The 2-4-7 itch
Parents often stand by as
helpless outsiders, while their children are experiencing marital problems,
after only a few years of marriage.
“What happened to married for
life?”
"Well, their marriage
started off that way; then our children went in opposite directions. What will
happen to our grandchildren? We tried to help but..."
"Couples watching out for
the seven-year itch should be on their guard ..........they are far more likely
to separate after about two years of marriage. One in 12 couples is heading for
the divorce courts after 24 months." (1)
Divorceinfo.com offers divorce
statistics, suggesting that "the four year itch" is a likely time for
couples to begin to lose interest in their marriages. (2)
"One million children in America are
involved in a new divorce annually, as of 1997, according to
divorcemagazine.com." (3)
For anyone contemplating
divorce, are you fighting in a positive, constructive way for your marriage?
Marital counseling is an option; but divorce is not.
Here are steps couples can
take, when times are tough.
Keep the peace
Marriages break up when there
is no peace at home, because two people cannot live together. Maybe they do not
know how to end the fighting. If both agree to keep the peace, the fighting
ends.
Keep the door open
One spouse leaves the marital
home; the other has the option of leaving the door open for him or her to
return. Closing the door may end the marriage. Leaving the door open allows
cooling down time and the possibility of renewing the marital commitment.
Rest and relaxation
Working spouses are often
exhausted.
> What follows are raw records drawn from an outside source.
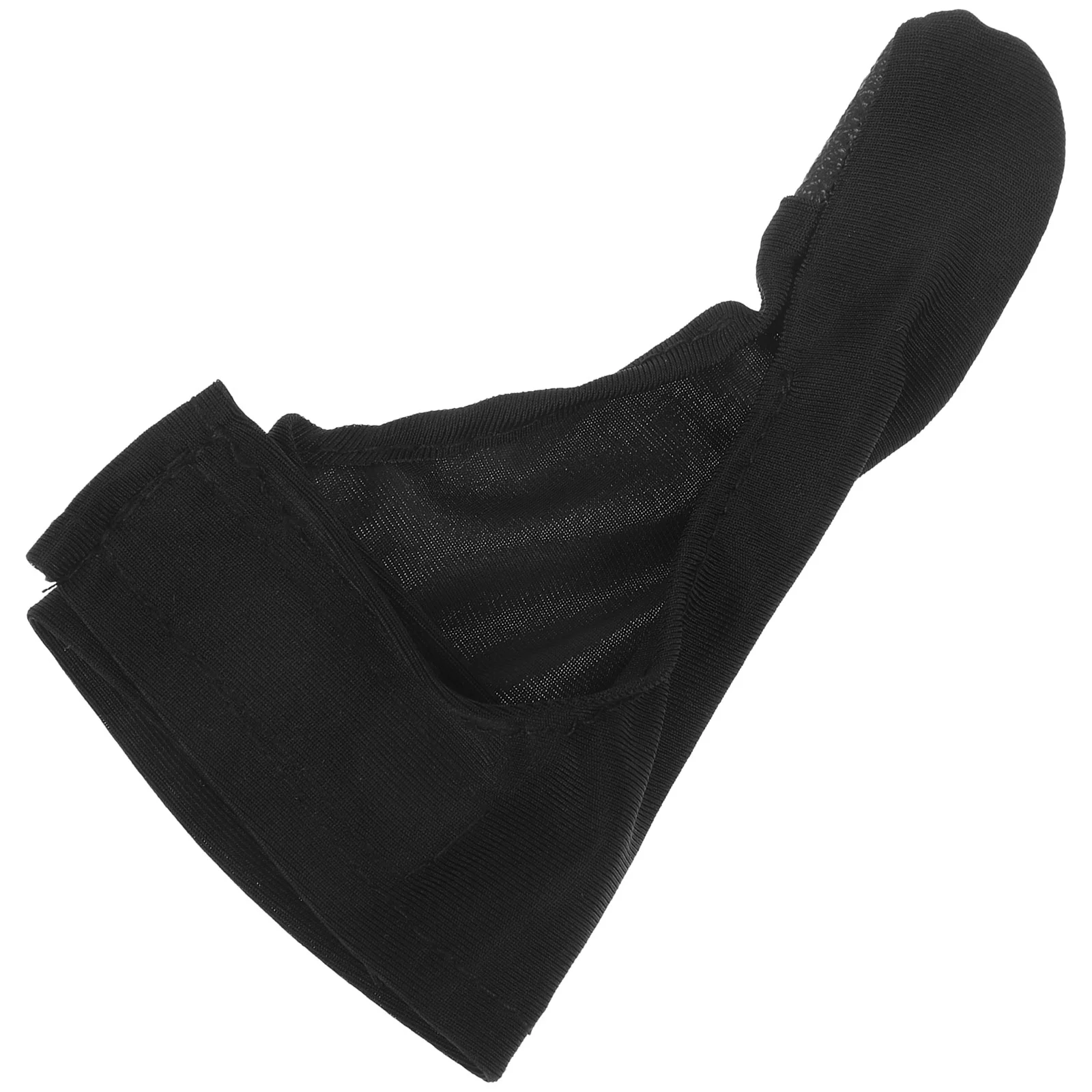 Bowling Thumb Cover Finger Cots Soft Cloth Abrasion Resistant Shock Absorbing Sports Guard Sleeve Black All Sizes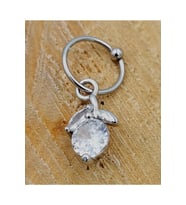 Çelik Zirkon Taşlı Piercing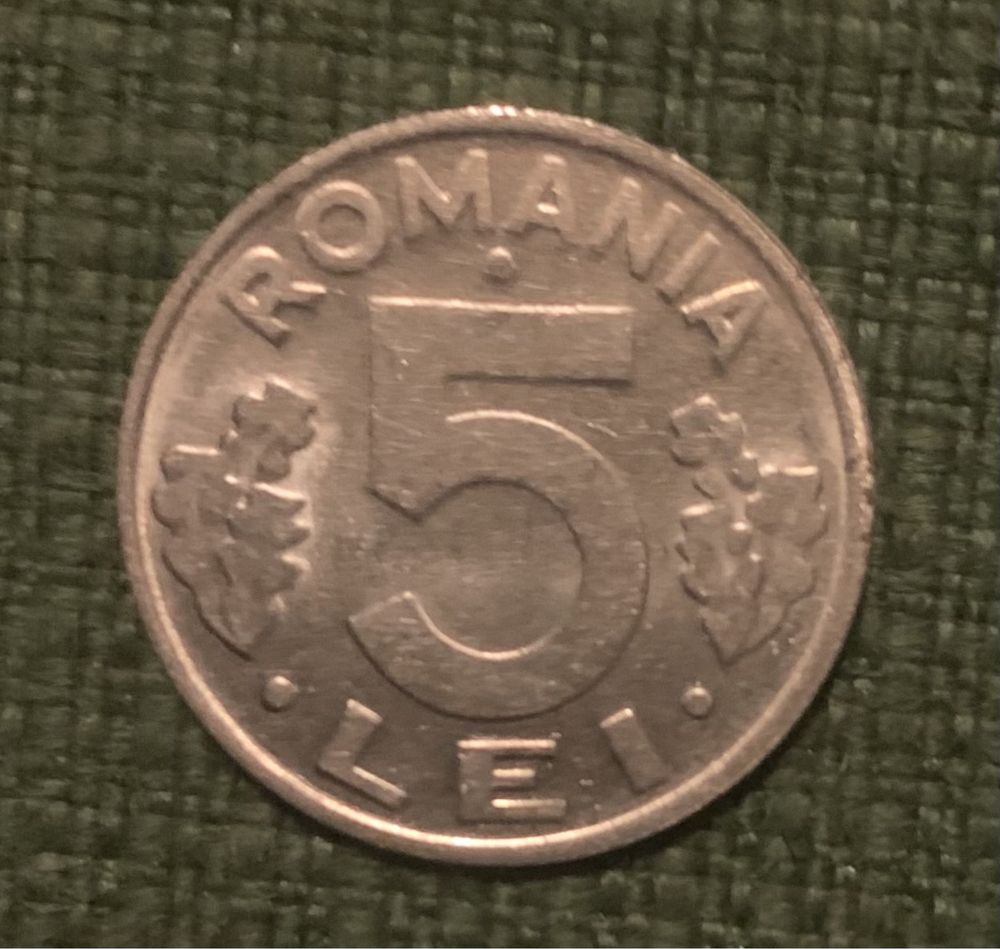 Moneda 5 lei 1994 citiți descriere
Coming home, all they want is rest and relaxation. When they cannot
find it at home, they may look elsewhere for it. Making your home the place for
rest and relaxation, works. Fun and play is important too, as even the oldest
spouses are children at heart.
Quality time
Quality time together is
essential, but children or other family members often take priority. Structured
quality time for couples may not the ideal; sometimes it works. Setting aside
‘our time’ lets couples get back in touch with each other.
Establishing priorities
What is most important to a
couple in their marriage will take precedence. Setting priorities properly is
important.
Marriage counseling
Marriage counseling is a viable
option. Counselors have unique strategies couples are not aware of when they
attend counseling.
Married children or married
adults?
When couples undertake
marriage, it is normally marriage as adults, but in marital breakdowns, spouses
may revert to childlike words or behavior. Marriage as adults, places it back
in its proper perspective.
Professional educator dialogue
versus spoiled-child warfare
Communication takes place on
many levels. When spouses participate in active communication with marriage
counselors listening in, the level of communication can be determined.
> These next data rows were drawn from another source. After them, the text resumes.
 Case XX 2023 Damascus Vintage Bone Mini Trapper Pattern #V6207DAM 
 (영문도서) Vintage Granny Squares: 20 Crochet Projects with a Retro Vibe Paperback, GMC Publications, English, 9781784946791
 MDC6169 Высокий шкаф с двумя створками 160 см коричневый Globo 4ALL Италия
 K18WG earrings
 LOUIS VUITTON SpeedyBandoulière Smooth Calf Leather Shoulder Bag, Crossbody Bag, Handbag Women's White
Communication breakdown signifies trouble, but improving communication skills
can save a marriage.
Peacemakers or warmongers
War and peace are part of the basic
nature of all human beings. In marriages, one spouse may be the peacemaker, at
all times and the other, the warmonger. Is it always one person who makes all
the concessions? Who makes peace? Ideally, it should be both spouses.
Love or hate...a fine line
There is a fine line between
love and hate. It takes one word, a smile or act of kindness to cross that line
and head in the right direction. The choice of words, deeds or action is yours.
Circadian rhythm
Circadian rhythm involves sleep
disorders. Spouses have different sleep needs. Inquiring into and examining
individual sleep patterns can help couples adjust their life styles
accordingly.
Marriage is
forever.....permanent, peaceful...who is breaking the pact and why?
Couples enter into marriage
with high expectations that are not easily met. There is always the unexpected
to deal with. Considering other partners is not an option; nor is it
necessarily better. Many of the same issues and concerns from a first marriage
recur in a second relationship. Resolving those issues can prevent what could
be a wonderful marriage from falling apart.
As a married couple, try
peeking into your marital relationship, purely as an unbiased outsider. Are you
impressed? Would anyone else be?
Your parents held high expectations
for you, as their married children. Was that not supposed to be as adults?